The time has come. My husband and I are what is commonly referred to as “empty nesters,” no kids living full time at home, and we’ve grown tired of the isolation and long commutes from our suburban subdivision. So we’ve put our house on the market and have been hunting for new digs in town. This is actually the very first time we have considered a home that does not include the needs of the children. It’s been a struggle for me. On the one hand, it’s exciting and liberating, but on the other hand it’s sad to leave behind kids’ rooms filled with memories.
These last several years have been bittersweet in so many ways. Moving to Nashville meant saying goodbye to places and people I’ve loved my whole life. Our home in Los Angeles was brimming with memories of parties, sleepovers, bruised knees and broken hearts. It was the last home where we spent time with my mom. And it was the house we thought we’d live in during our retirement. But I guess the universe had other plans and here we are.

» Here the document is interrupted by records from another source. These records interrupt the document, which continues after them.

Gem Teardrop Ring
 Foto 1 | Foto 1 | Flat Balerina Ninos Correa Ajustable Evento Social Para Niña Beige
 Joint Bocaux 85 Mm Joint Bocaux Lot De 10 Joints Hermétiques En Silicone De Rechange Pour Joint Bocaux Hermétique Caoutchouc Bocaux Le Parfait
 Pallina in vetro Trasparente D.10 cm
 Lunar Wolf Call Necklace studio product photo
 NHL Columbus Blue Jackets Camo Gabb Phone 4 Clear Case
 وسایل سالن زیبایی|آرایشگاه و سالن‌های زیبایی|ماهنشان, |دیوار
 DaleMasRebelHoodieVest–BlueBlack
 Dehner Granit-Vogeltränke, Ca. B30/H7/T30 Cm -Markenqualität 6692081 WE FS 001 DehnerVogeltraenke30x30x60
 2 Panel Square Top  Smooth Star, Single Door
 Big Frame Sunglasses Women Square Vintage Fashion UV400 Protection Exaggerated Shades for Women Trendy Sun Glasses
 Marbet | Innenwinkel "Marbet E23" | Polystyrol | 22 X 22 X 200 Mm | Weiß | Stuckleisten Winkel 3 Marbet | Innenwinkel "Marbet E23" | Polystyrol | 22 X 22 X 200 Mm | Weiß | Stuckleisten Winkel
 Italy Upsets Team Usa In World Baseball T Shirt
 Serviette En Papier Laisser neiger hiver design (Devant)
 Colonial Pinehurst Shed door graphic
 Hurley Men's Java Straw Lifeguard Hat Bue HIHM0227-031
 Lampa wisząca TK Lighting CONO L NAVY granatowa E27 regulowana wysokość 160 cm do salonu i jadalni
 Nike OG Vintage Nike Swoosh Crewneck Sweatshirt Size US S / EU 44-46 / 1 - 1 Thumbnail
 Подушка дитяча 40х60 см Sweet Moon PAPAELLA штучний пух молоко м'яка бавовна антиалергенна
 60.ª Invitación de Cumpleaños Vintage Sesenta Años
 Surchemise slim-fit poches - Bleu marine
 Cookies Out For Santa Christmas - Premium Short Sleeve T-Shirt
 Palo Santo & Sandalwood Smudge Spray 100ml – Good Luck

When we first bought our current house, it was brand new. It felt empty, like a totally blank slate. I was certain we’d never fill it with memories and experiences like we’d done back home. The kids were older, in fact two were in college, and the youngest was in high school. Since teenagers don’t usually want parents around much, we rarely saw his new friends, but I persevered and we still hosted holiday dinners and other types of get togethers. The college kids came home for vacations from time to time. We even hosted out of town friends.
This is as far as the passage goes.